List the active developers (90 days) in the given repo (sync required)
kospex developers -repo PATH/TO/REPO
List the developers in the given repo_id (sync'ed data in the kospex DB)
kospex developers -repo_id=github.com˜ORG˜REPO
use -days NUM for seen in the last # of days (e.g. 90 or 365)
List the overall tech stack, based on file extension, for all sync'ed repos
kospex tech-landscape
List the overall tech stack for all sync'ed repos (using scc)
kospex tech-landscape -metadata
List the overall tech stack for a repo (using scc)
kospex tech-landscape -repo PATH/TO/REPO
List the tech stack in the given repo_id (sync'ed data in the kospex DB)
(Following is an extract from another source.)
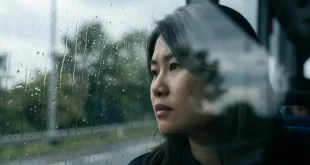 Stephanie Rilis Single tentang Penyesalan dan Kehilangan Memeluk Sekali Lagi, Membuat Pendengar Terharu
kospex tech-landscape -repo_id=github.com˜ORG˜REPO
- Precompute data where possible and useful
- Flatten tables, data warehouse style, to enabled easier querying and slicing by git server, owner and repo
- Be as agnostic to the git provider (i.e. GitHub, BitBucket, GitLab) for base use cases
- Be mindful that "there is no perfect", only indicators
- Separate cloning and pull updates from the analysis
- Build out automated functional and regressions testing (Currently manual)
- Build the ability to identify key person or offboarding risk
- Improve use case documentation
- Provide a mechanism to better map author_emails to users
Most tables have a column, _repo_id, in the format of GIT_SERVER˜OWNER˜REPO
So for the repository https://github.com/kospex/kospex the _repo_id would be github.com˜kospex˜kospex
Most queries use author_email from git to mean a "developer".
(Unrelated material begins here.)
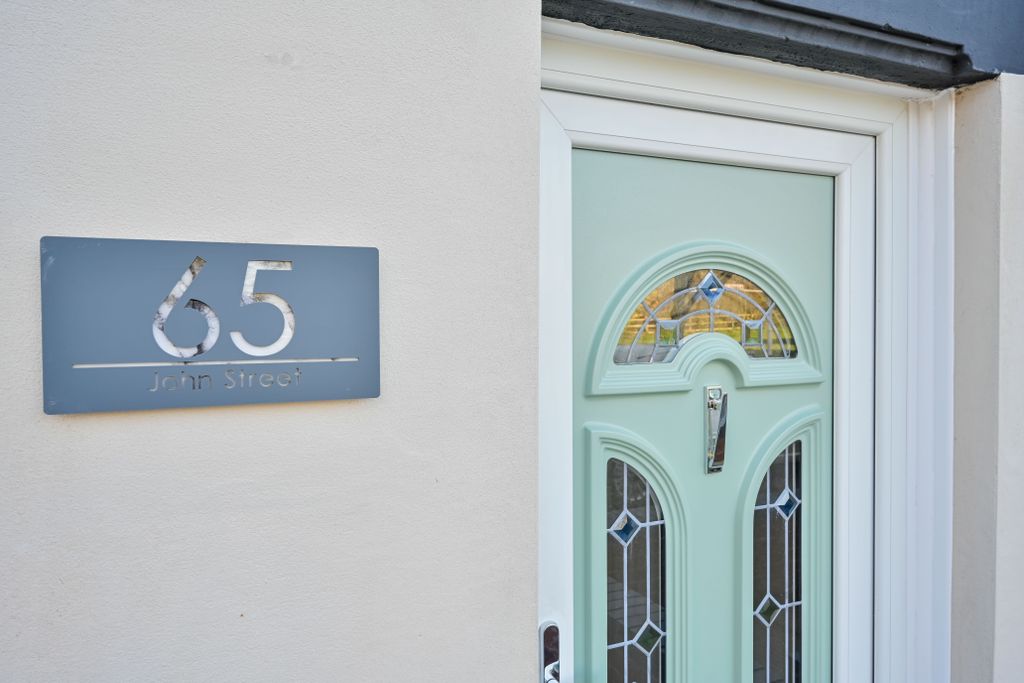 Property photo 2 of 15 Front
The easiest way to do development on the kospex repo is to clone kospex and run in "dev mode" using the following commands:
git clone https://github.com/kospex/kospex cd kospex pip install -e .
We're aiming to [k]now your c[o]de by in[spe]cting the haruspe[x]. From Wikipedia, The Latin terms haruspex and haruspicina are from an archaic word, hīra = "entrails, intestines"
So we're going to help look at the "guts of your code" to gain an understanding of the applications, technology landscape (sprawl?) and developers.